Tratto da Avvenire del 7 gennaio 2010
Guadalupe aveva 17 anni quando suo padre, dieci anni fa, le ordinò di sposarsi con Manuel. La ragazza non l’aveva mai visto ma non poteva rifiutarsi: l’uomo – di quindici anni più vecchio – aveva offerto per lei settemila pesos (poco meno di 550 dollar i). A Santa Maria de Asuncion – un minuscolo Paese sperduto nella regione di Oaxaca, nel Sud del Messico –, dove Guadalupe è nata, la “compravendita” delle donne è un’usanza diffusa. Qui – come nei vicini Sta- ti di Chiapas, Guerrero, Veracruz, Tabasco, Campeche – dove l’80 per cento della popolazione è india, la gran parte dei matrimoni è combinata da parenti e capi-villaggio. Una tradizione antica: secondo le leggi indigene, sono i familiari della ragazza a scegliere il marito adatto a lei. Quest’ultimo deve “guadagnarsi” il consenso con un’offerta. Che, per secoli, è stata simbolica: sacchi di grano, sementi, un capo di bestiame. Negli ultimi anni, però, la “dote” si è trasformata in un vero e proprio prezzo, fissato in dollari.
A pagarlo, sempre più spesso come hanno dimostrato recenti indagini della Procura generale, non sono aspiranti fidanzati ma i “mercanti di donne”. Trafficanti senza scrupoli che si recano nelle zone più povere del Messico – il Chiapas è al secondo posto nella classifica nazionale delle regioni più emarginate – alla caccia di ragazze da “acquistare” e rivendere nel mercato della prostituzione, della pornografia o del lavoro clandestino. In altri parti del Messico o all’estero, soprattutto negli Stati Uniti. I malviventi pagano circa 2. 300 dollari. Ma il costo varia in relazione all’età della giovane. Per una bambina di 12 anni – r ivelano le inchieste –, sono disposti a sborsarne anche 6mila. Per le famiglie, questo denaro è l’unica speranza di sopravvivere, come ha sottolineato il Centro per i diritti umani Tlachinollan. Nel 2009, l’Istituto nazionale delle donne (Inmujeres) ha denunciato che varie bambine di Oaxaca, Guerrero e Chiapas sono state «acquistate da famiglie benestanti della capitale» come “cameriere”.

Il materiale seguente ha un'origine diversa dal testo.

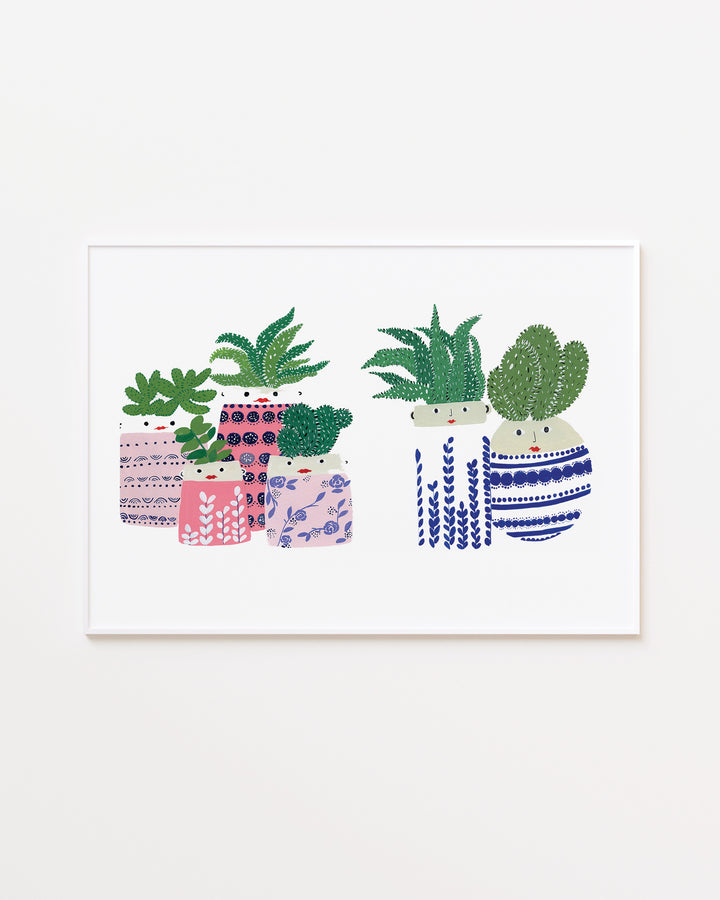 White Framed Archival Print showcases a collection of succulents in vibrantly patterned pots, created by Little Berries Studio.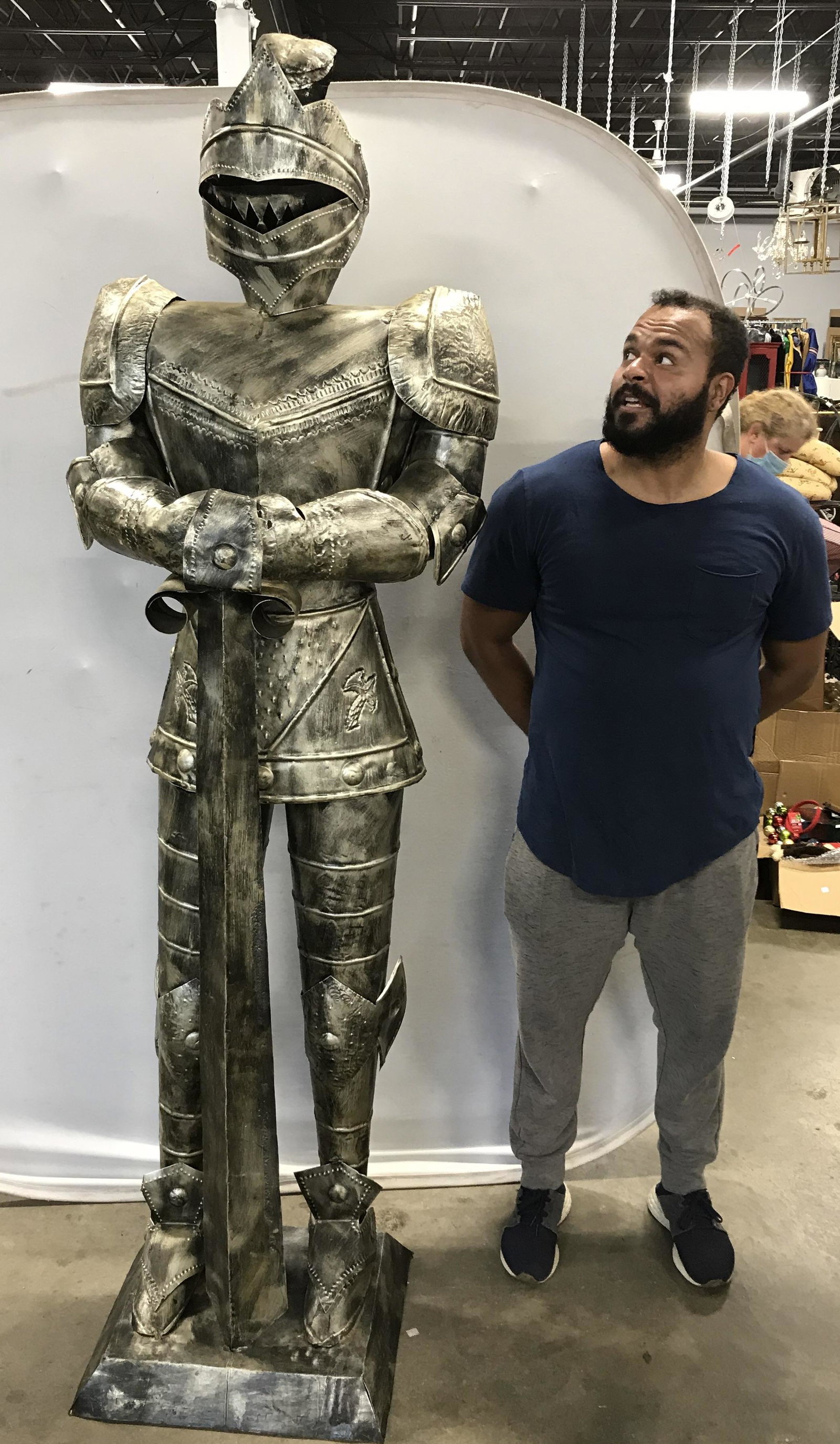 Vintage Suit of Armor, 7ft Ht, Mexico: Vintage decorative suit of armor. Crafted from metal. The knight’s gauntlet reads as MEXICO. Measures approx 84 inches H, 25 inches W, 20 inches deep. Wear is consistent with age and use. Suit of ar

«È una forma di schiavitù – ha dichiarato la direttrice dell’organizzazione Rocio Gaytan –. È una vergogna che si ritorni a pratiche di questo tipo». Altre, invece, vengono portate dai presunti mariti nei postriboli di Tijuana e Juarez o, attraverso il deserto di Sonora, in quelli degli Stati Uniti. Non esistono cifre ufficiali del fenomeno. Secondo un recente rapporto dell’Ong “Coalizione contro il traffico di donne” ben cinque milioni di ragazze dell’America Latina sarebbero vittime di tratta. Un decimo sarebbero messicane. Un affare miliardario – da 7 a 12mila milioni di dollari in base ai dati dell’ufficio Onu per la prevenzione della delinquenza, Unadoc – per le bande criminali. Il governo messicano sta cercando di intensificare i controlli nelle aree “a rischio” per fermare la compravendita di donne.
Un compito non facile perché il fenomeno è radicato nella cultura locale. Lo Stato, però, non rinuncia a combatterla. A Oaxaca, per esempio, l’Istituto per la donna ha cominciato una campagna per rendere le ragazze consapevoli del loro diritto a scegliersi il marito. E per convincere le famiglie a non vendere le figlie agli sconosciuti. La strada da fare è ancora lunga.